Sayangnya, para bakal calon yang sudah mengeluarkan pundi-pundi rupiahnya ini juga belum tentu diusung oleh parpol yang dilobi. Para elit pusat ini akan menerima seluruh bakal calon yang datang melobi, penentuannya akan dikabarkan pada beberapa hari atau seminggu sebelum pendaftaran dimulai.

"Lobi-lobi ini sudah menguras uang para bakal calon, tapi yang dipilih yang membayar lebih tinggi. Seperti pasar saham, harga tertinggi yang diambil," katanya.

Lucius menceritakan, mahar politik yang diminta pun bervariasi, pada Pilkada, hitungan mahar mengacu pada kursi partai yang bersangkutan di DPRD masing-masing daerah. Jumlah kursi inilah yang dipatok berdasarkan harga pasar, sebab di tiap-tiap parpol tak memiliki kebijakan resmi mengenai uang mahar ini.

BEGINI MENGHITUNG BESARAN MAHAR POLITIK - Lucius punya rumus sendiri dalam menghitung besaran mahar politik yang harus dikeluarkan seorang calon kepala daerah untuk bisa diusung parpol. Dia menghitung nilai itu berdasarkan beleid yang dikeluarkan pemerintah terkait Pilkada.

Pada tanggal 17 Februari lalu, DPR RI menyetujui revisi Undang-Undang Nomor 1 Tahun 2015 tentang Pemilihan Kepala Daerah dan perubahan kedua atas Undang-Undang Nomor 23 Tahun 2014 tentang Pemerintahan Daerah. Dalam revisi gersebut disepakati syarat dukungan untuk calon independen dinaikkan 3,5 persen, dari minimal 3 persen menjadi 6,5-10 persen dari jumlah penduduk, tergantung pada jumlah penduduk.

Sedangkan syarat pengajuan dari partai harus didukung partai atau gabungan partai yang memiliki 20 persen kursi di DPR atau 25 persen suara pada pemilu. Nah, dari komposisi syarat dukungan ini, Lucius menghitung, setiap bakal calon diperkirakan harus merogh duit mahar antara Rp250 juta hingga Rp500 juta per kursi.

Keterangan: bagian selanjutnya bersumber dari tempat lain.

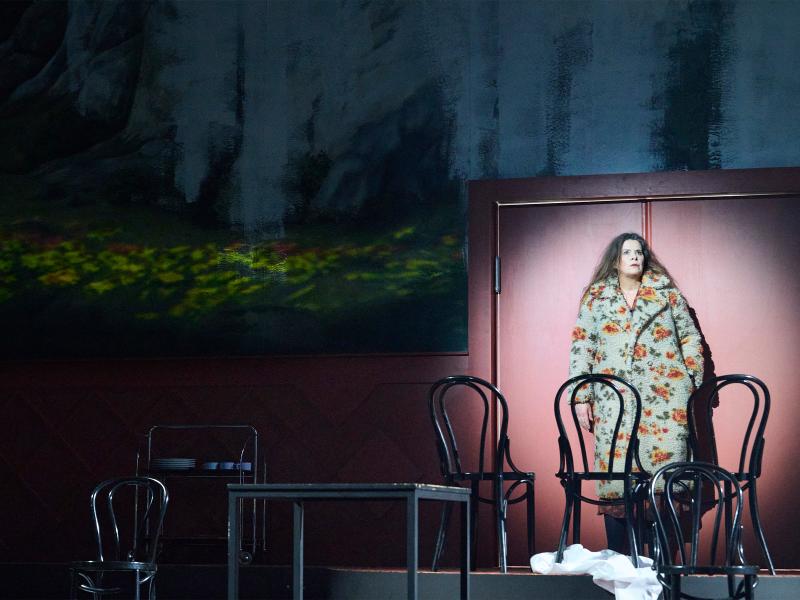 Julia Wieninger steht mit einem geblümten Filzmantel vor einer roten Tür. Vor ihr stehen drei schwarze Stühle mit Lehne, ein Tisch. Im Hintergrund ein Servierwagen mit Tellern und Tassen.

Kata Lucius, jika dianalogikan harus memiliki 7 kursi dan diusung dua partai dengan komposisi 4:3 maka untuk partai pertama saja bisa keluar antara Rp1-2 miliar. Pada partai yang berbeda, harga pun dapat berbeda pula, semakin menjadi partai pelengkap, maka semakin mahal harga maharnya.

Berdasarkan hitungan di atas, dikalikan bakal calon yang mendatangi partai, maka dari satu pilkada, diyakini tiap satu partai dapat mendapat mahar hingga ratusan miliar atau bahkan triliunan rupiah. "Hampir pasti bakal calon mengeluarkan lebih dari Rp1 miliar untuk satu partai, nyolongnya bukan main," katanya.

Dana sebanyak itu akan menggalir ke kebutuhan partai, atau mungkin juga untuk memperkaya diri kelompok-kelompok tertentu dalam partai. Sebab dana siluman ini jelas tak memiliki transparansi maupun akuntabilitas lantaran dilarang dalam Pasal 47 Undang-Undang (UU) Nomor 8 tahun 2015 tentang Pilkada.

Pasal tersebut melarangan parpol atau gabungan parpol untuk menerima imbalan dalam bentuk apapun pada proses pencalonan gubernur atau wakil gubernur dan atau bupati atau wakil bupati serta wali kota dan wakil wali kota. Larangan juga berlaku bagi setiap orang atau lembaga yang memberi imbalan kepada parpol atau gabungan parpol dalam bentuk apapun, baik uang, barang atau benda.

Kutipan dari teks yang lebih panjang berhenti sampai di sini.